Exercise goal.
Would you return exactly the lines below from the line with "Thanksgiving Harvest Blessings" through the line with "Pitching Net with", both included, and nothing else, leaving out the pictures?

Input material.
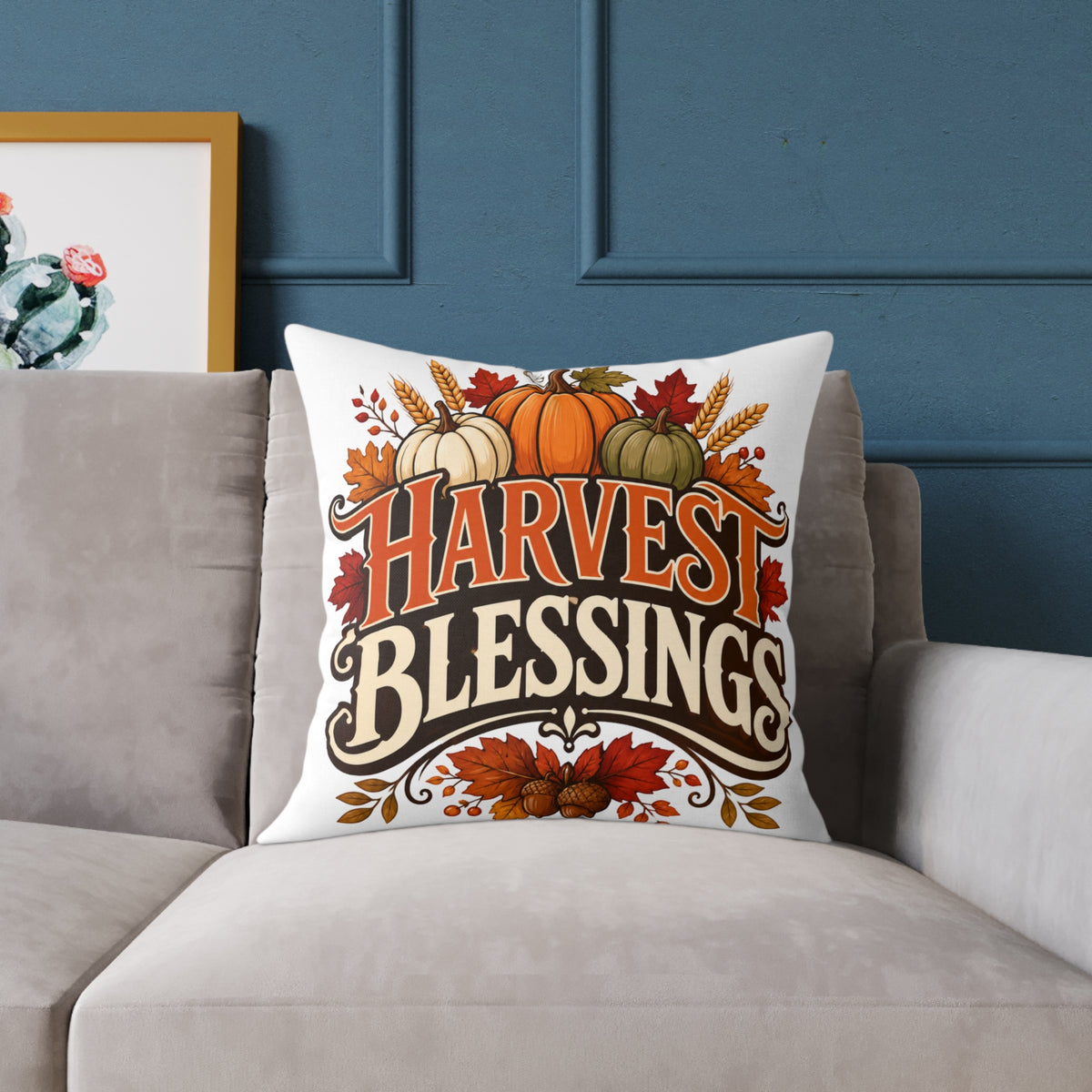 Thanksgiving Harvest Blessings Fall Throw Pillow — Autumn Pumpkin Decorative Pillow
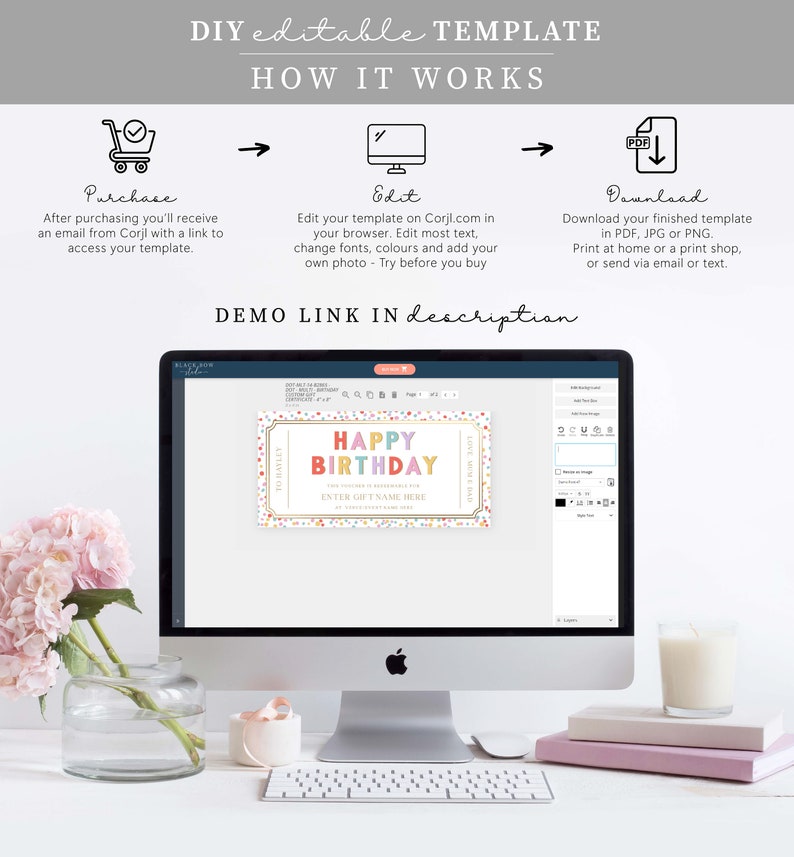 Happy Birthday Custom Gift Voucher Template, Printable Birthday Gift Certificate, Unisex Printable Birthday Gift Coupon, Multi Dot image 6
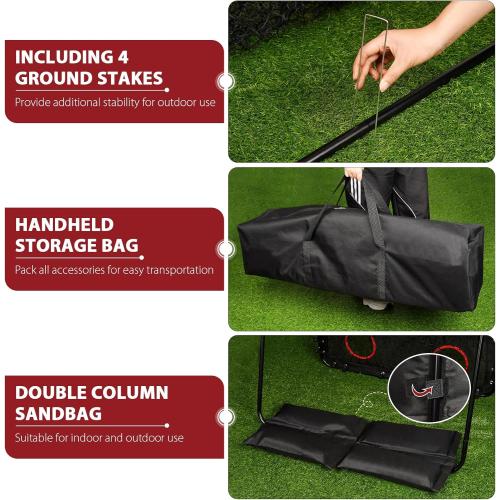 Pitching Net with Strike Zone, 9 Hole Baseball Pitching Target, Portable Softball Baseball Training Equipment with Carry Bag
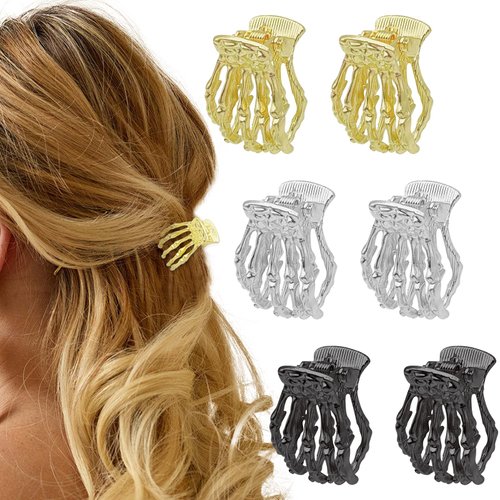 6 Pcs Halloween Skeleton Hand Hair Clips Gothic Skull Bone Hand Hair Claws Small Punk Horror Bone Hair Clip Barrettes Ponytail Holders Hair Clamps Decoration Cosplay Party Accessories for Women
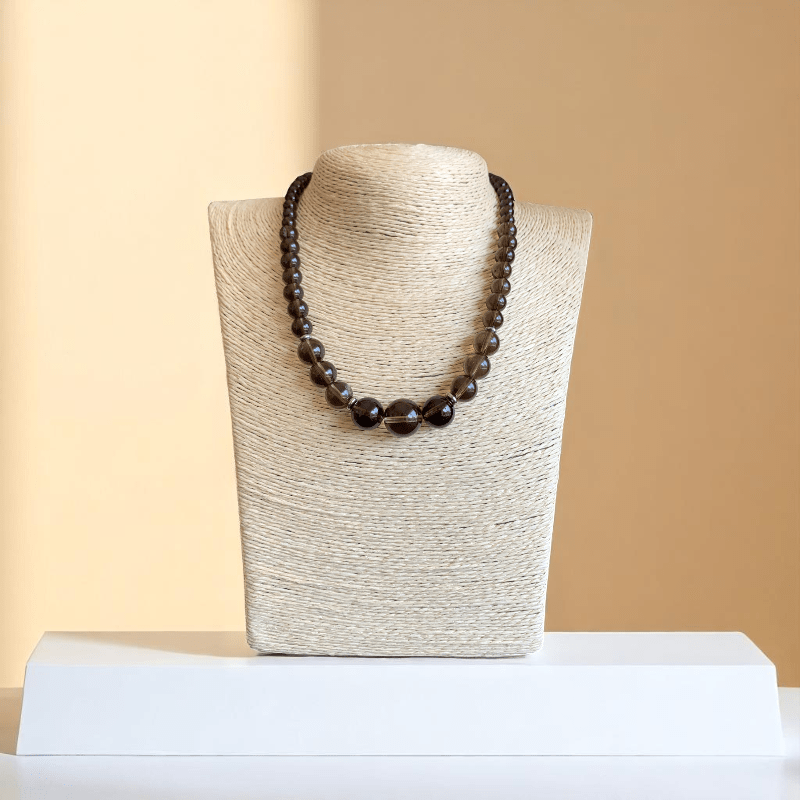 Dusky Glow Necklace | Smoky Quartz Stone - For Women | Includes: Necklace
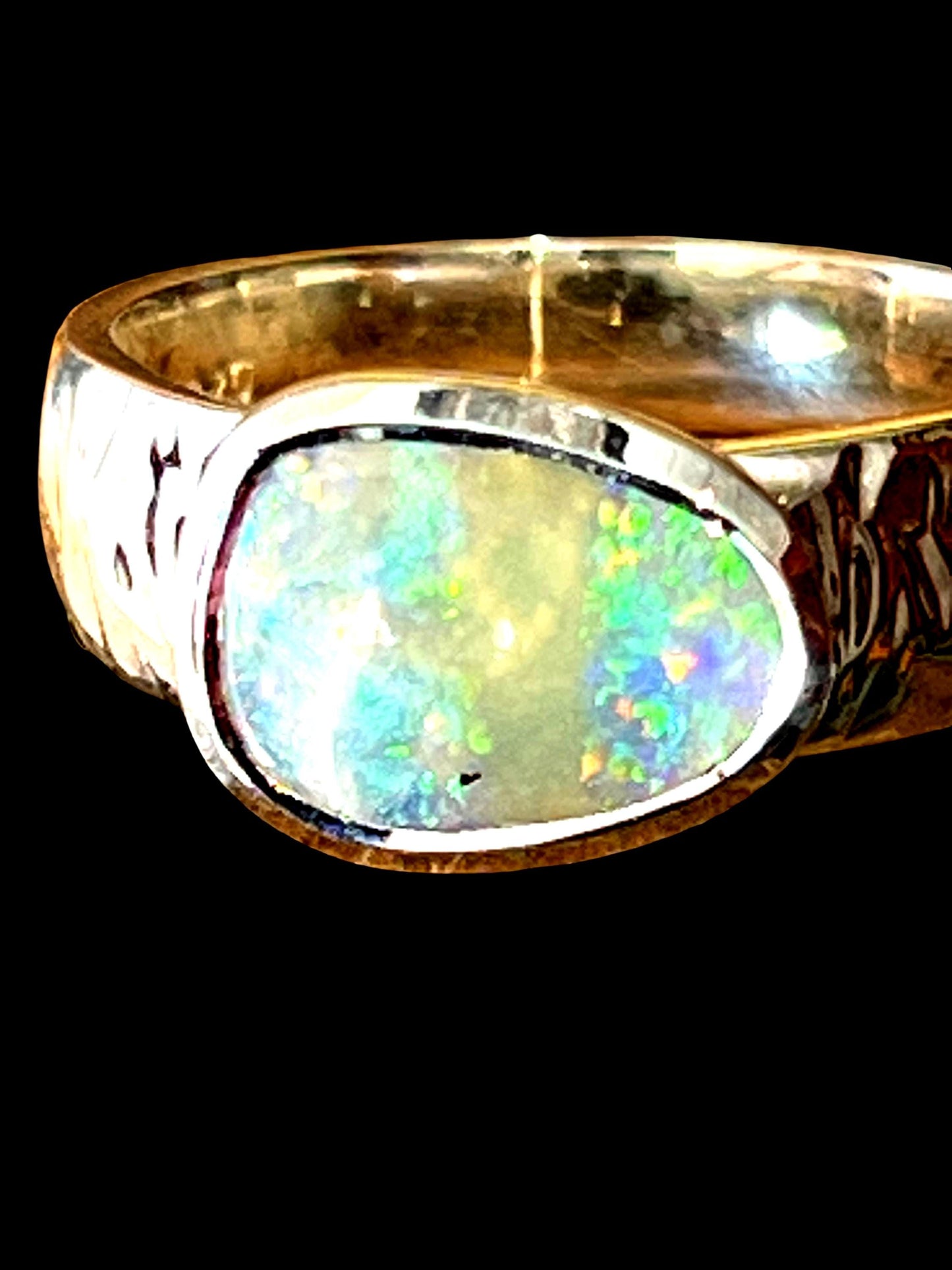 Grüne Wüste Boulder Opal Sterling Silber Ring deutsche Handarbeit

--

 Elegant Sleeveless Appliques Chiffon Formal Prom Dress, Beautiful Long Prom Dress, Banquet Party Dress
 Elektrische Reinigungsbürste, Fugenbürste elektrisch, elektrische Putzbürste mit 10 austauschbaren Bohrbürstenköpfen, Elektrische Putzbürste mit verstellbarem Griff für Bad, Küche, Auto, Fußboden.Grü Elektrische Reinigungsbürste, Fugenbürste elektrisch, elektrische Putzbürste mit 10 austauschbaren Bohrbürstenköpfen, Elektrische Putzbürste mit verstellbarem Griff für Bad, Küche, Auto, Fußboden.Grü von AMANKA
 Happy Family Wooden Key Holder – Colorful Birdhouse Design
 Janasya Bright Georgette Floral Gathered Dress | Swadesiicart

Result of this task.
 Thanksgiving Harvest Blessings Fall Throw Pillow — Autumn Pumpkin Decorative Pillow
 Happy Birthday Custom Gift Voucher Template, Printable Birthday Gift Certificate, Unisex Printable Birthday Gift Coupon, Multi Dot image 6
 Pitching Net with Strike Zone, 9 Hole Baseball Pitching Target, Portable Softball Baseball Training Equipment with Carry Bag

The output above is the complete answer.